Electron-phonon interactions in van der Waals heterostructures

Coordinator : Thibault Sohier

Van der Waals heterostructures are stacks of 2D materials that are now routinely fabricated by research teams around the world. Combining different 2D layers with different properties and interacting with each other leads to the emergence of fascinating physics and exciting application prospects.

In this project we are interested in modelling the behavior of two fundamental and intrinsic quasi-particles in those condensed-matter systems: electrons and phonons.

This is not a trivial task, as the properties of electrons (band structure, scattering lifetimes, …) and phonons (dispersions, lifetimes, …), as well as their interactions are changed by the presence of other layers. Remote long-range interactions couple charged excitations (plasmons, polar phonons or electrons) from different layers.
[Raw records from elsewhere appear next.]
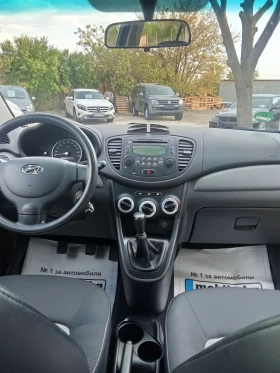 Hyundai I10 1.0i, ����� | Mobile.bg � ����� ������ 4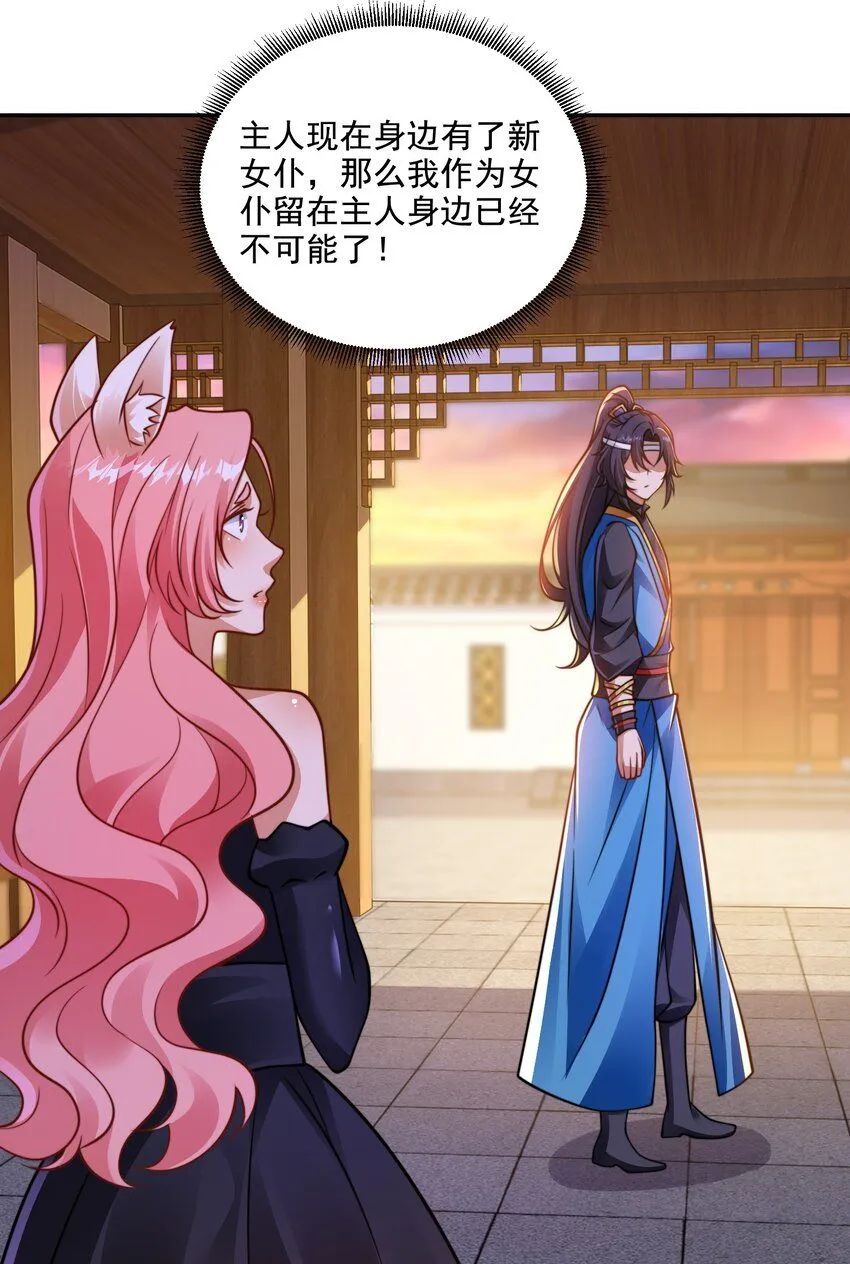 第38话 后宫之主 第32页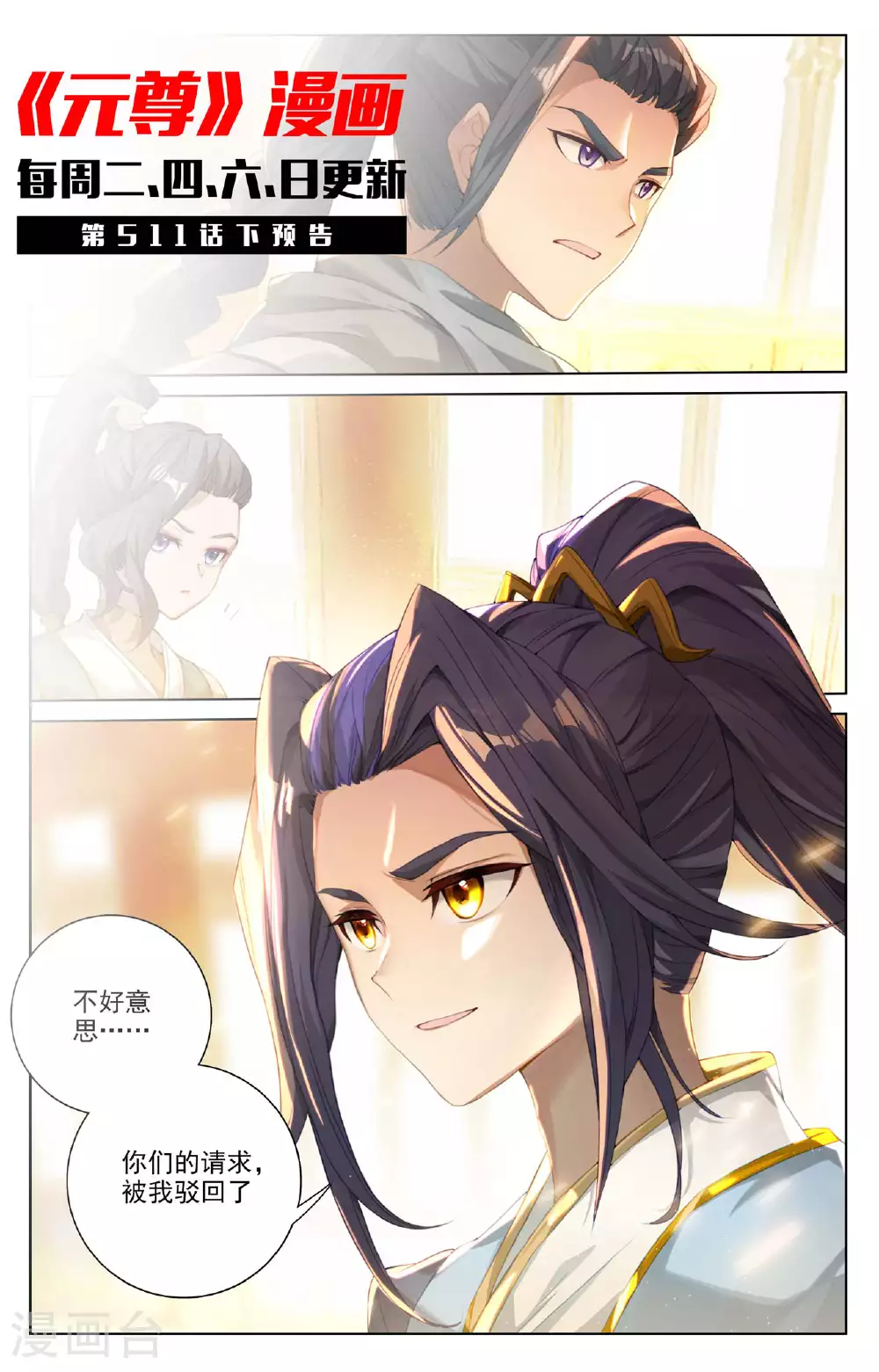 第511话上 九爪天阳10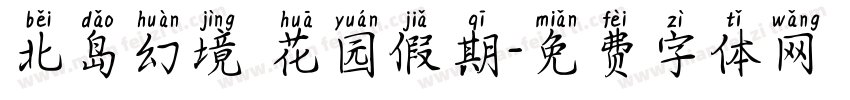 北岛幻境 花园假期字体转换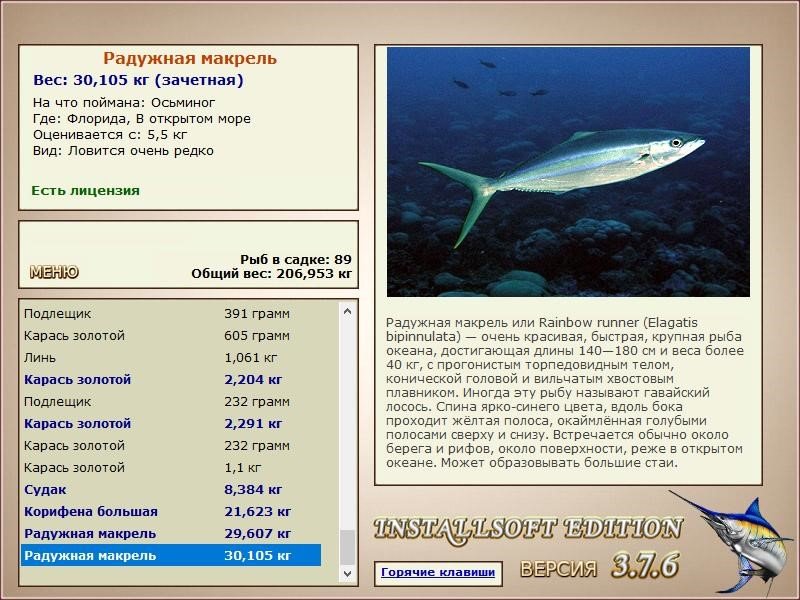 РУССКАЯ РЫБАЛКА Installsoft Edition 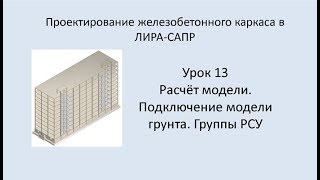 Ж.б. каркас в Lira Sapr. Урок 13. Расчёт модели. Подключение модели грунта. Группы РСУ.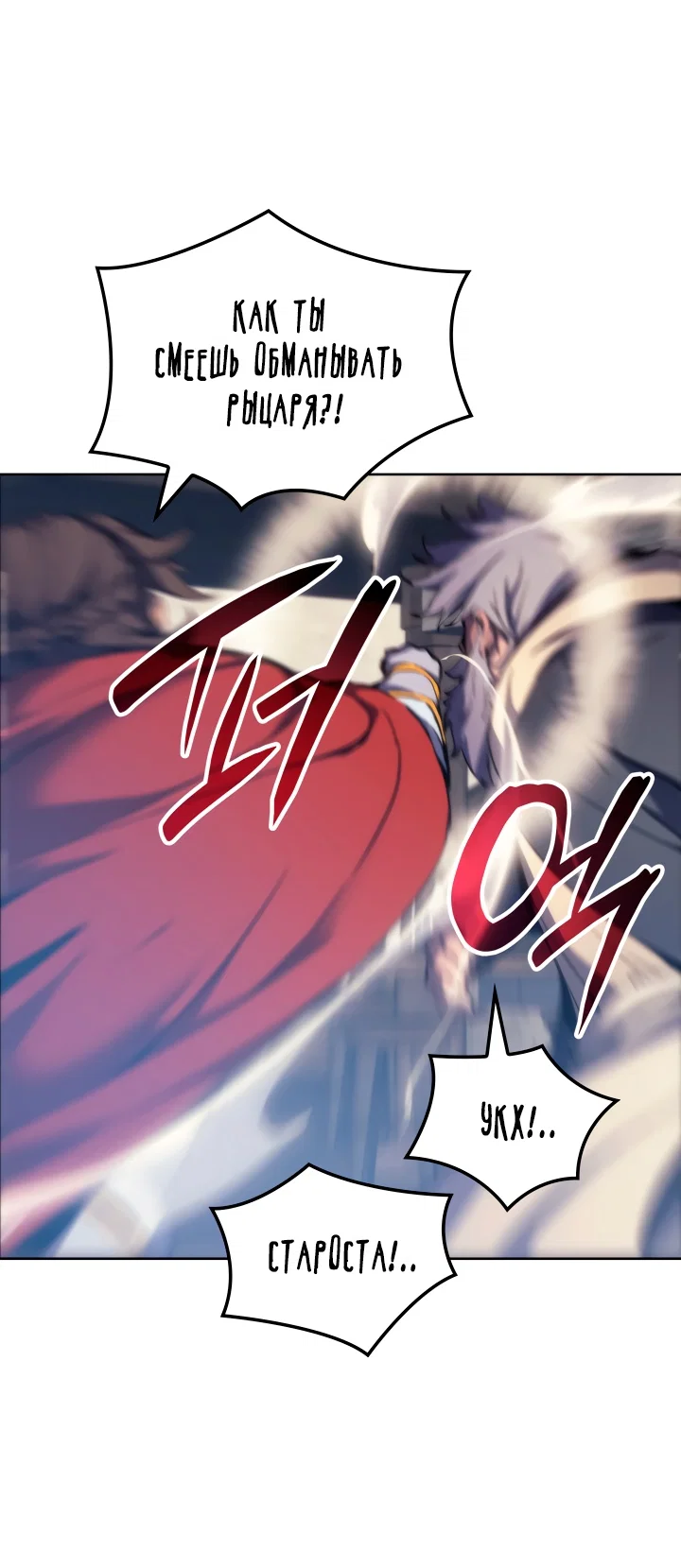 Read Реинкарнация неудержимого короля RU Manga Online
Lattice mismatch between layers lead to the formation of Moiré patterns (the common periodic pattern between two different lattices), modifying the lattice potential felt by the electrons, and the force fields felt by atoms.

This all brings new physics, prominent exemples being the appearance of Dirac cone satellites in the band structure of BN-capped graphene or the emergence of superconductivity in magic-angle bilayer graphene, possibly related to the emergence of the so-called phasons (phonon modes involving the Moiré pattern rather than individual layers).

Van der Waals heterostructures are challenging to simulate, due to their inherent complexity and diversity. We aim at developing novel first-principles approaches to tackle those challenges and explore electron-phonon physics in those systems. In addition, an important aspect of the process is to work on translating the results into measurable spectroscopic and transport quantities in order to liaise with experiments. Thus, regular exchanges with experimental teams in L2C working on 2D materials are key.